Dat gevoel heb ik nou als ik maanden moet wachten op een vervolg!_

----------


## LaDy-NaDia

haay haay meid!!
Echt mooi verhaal man hahah en nog bedankt voor et vervolg die je had geplaatst...  :Wink:  
Maar je gaat toch wel door he want ik vind het namelijk super! 
GA VERDER ALSJEBLIEFT :Smilie: 


XxX  :blauwe kus:  Lady Nadia!  :Smilie:

----------


## Bitch

hey zina rwina wanneer ga je weer verder ik kan niet wachten op een vervolg ik hoop dat je snel weer verder gaat GrtZ Me

----------


## m'tiouia

he rwina 
alles goed?
nog mabrouk el3ied
he ik wilde je even bedanken voor de vervolgjes en ja je heb je verloren tijd goed ingehaald laten we maar hopen dat je snel doorgaat heel veel groetjes van m'tiouia

----------


## rwina_zina

met mijn pen tikkend op de schooltafel zat ik voor me te staren...ik dacht aan mijn amin....waar heb ik hem toch aan verdiend! ik ben ongelovelijk blij met hem.....ik kan niet wachten op hem zometeen te zien..HOU EENS OP ESMA hoorde ik mina zeggen....HOU OP MET JE PEN TIKKEN....ik keek mina aan....ik hoorde haar wel, maar het drong niet tot me door...zo verliefd was ik......mina lachte me uit....'hey esma ik ga na school met fatima mee..' ik keek haar aan en liep naar de lerares...'mevrouw ik voel me niet lekker, ik ga naar huis...'
de vrouw keek me begrijpend aan...'is goed meissie ga maar...' mina keek me vragend aan...'gek waar ga je heen' vroeg ze me in het marokkaans zodat de lerares het niet kon verstaan...'ik ga naar mijn man' zij ik met een glimlach...mina lachte me uit...maar ik pakte me tas en vertrok......voor alles wat hij voor me doet is het nu tijd dat ik wat voor hem doe! ik had al een ideetje.....ik reed met me auto naar de 'amsterdamse stad'
ik parkeerde me auto en pakte me tas en telefoon....terwijl ik liep belde ik amin...ik vroeg hem wanneer hij klaar zou zijn met werken, en ik vertelde hem dat ik vandaag weer zou blijven slapen, amin vertelde dat hij 7 uur klaar was en was dol enthousiast dat ik weer een nachtje bleef slapen...
ook belde ik me moeder....met als smoes dat ik weer bij mina zou slapen en dat souad en de meiden er ook zouden zijn, ik zou nog wel even langs huis gaan vanmiddag om me moeder even te zien...want ze vertelde me dat ze me miste...zucht...als ze me nu al mist...laat staan als ik getrouwd ben...

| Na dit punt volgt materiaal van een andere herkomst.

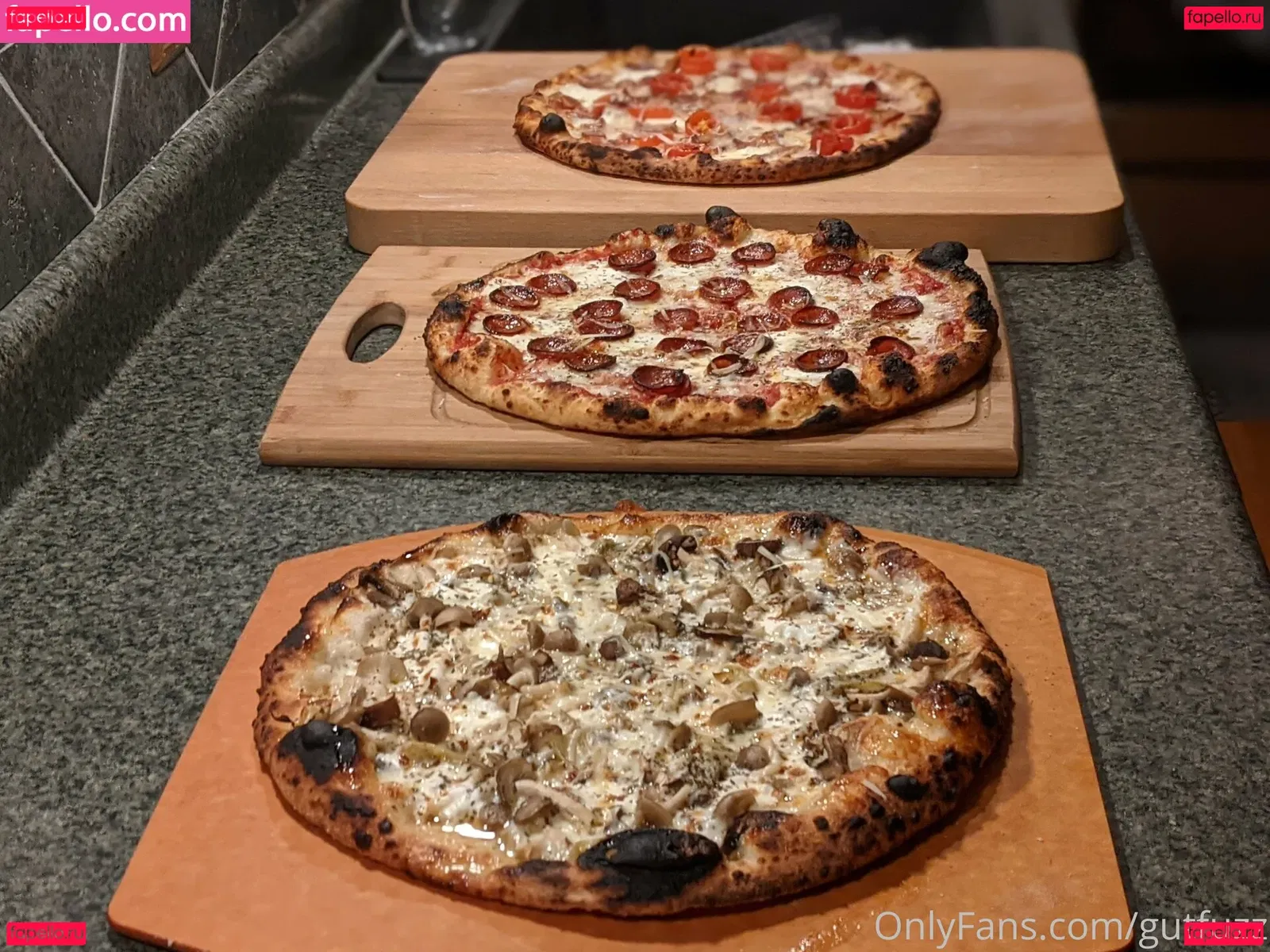 gutfuzz Onlyfans Photo Gallery 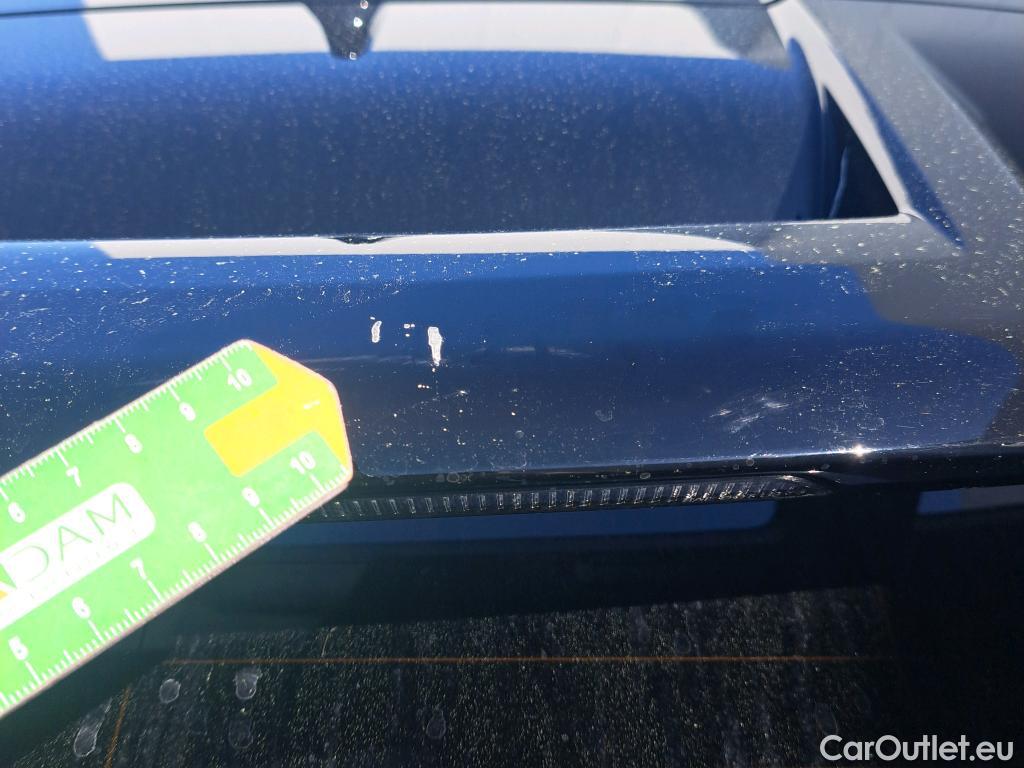  Toyota  C-HR TOYOTA  / 2019 / 5P / todoterreno 2.0 180H Advance #28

ik liep eerst een supermarkt binnen en nam natuurlijk een kar mee omdat ik grote boodschappen wilde doen, ik nam van alles mee! natuurlijk alleen maar lekkere dingen...ik had geluk dat ik mijn auto vlakbij had geparkeerd..zo kon ik de boodschappen die ik had gedaan gelijk in de auto plaatsen, nadat ik dat had gedaan liep ik winkel binnen en kocht een heerlijk geurtje voor amin, die liet ik inpakken...ik kocht verder nog een heerlijk geurkaarsen,snoepbakken en ongelovelijk veel snoep, ik kon het niet laten een dierenwinkel in te gaan en 4 goudvisjes te kopen, de man deed ze in een zakje maar ik vond het toch maar eng...
ik kocht een schattige aquarium en liep weer richting de auto..

ik kwam bij onze 'crib' aan en graaide in mijn tas naar de sleutel....ik moest wel 4 keer heen en weer lopen van ons huisje(van amin en esma he!) naar de auto om alle boodschappen uit te laden, nadat alles binnen was deed ik de deur dicht en liep richting de verwarming om die lekker hoog te zetten....
het huis voelde na enkele minuten heerlijk warm aan, ik stroopte me mouwen open deed me haar vast..ik moest aan de slag gaan.....ik deed de vissen in de aquarium en maakte een mooi plaatsje voor ze in de de woonkamer, ik pakte alle zakken snoep die ik had gekocht , die goot ik in de bakken en legde die zo een beetje overal in het huis, zodat waar je ook heen gaat je lekker kan snoepen....
de boodschappen bezorgde ik ook een mooi plaatsje in de keukenkasjes en koelkast....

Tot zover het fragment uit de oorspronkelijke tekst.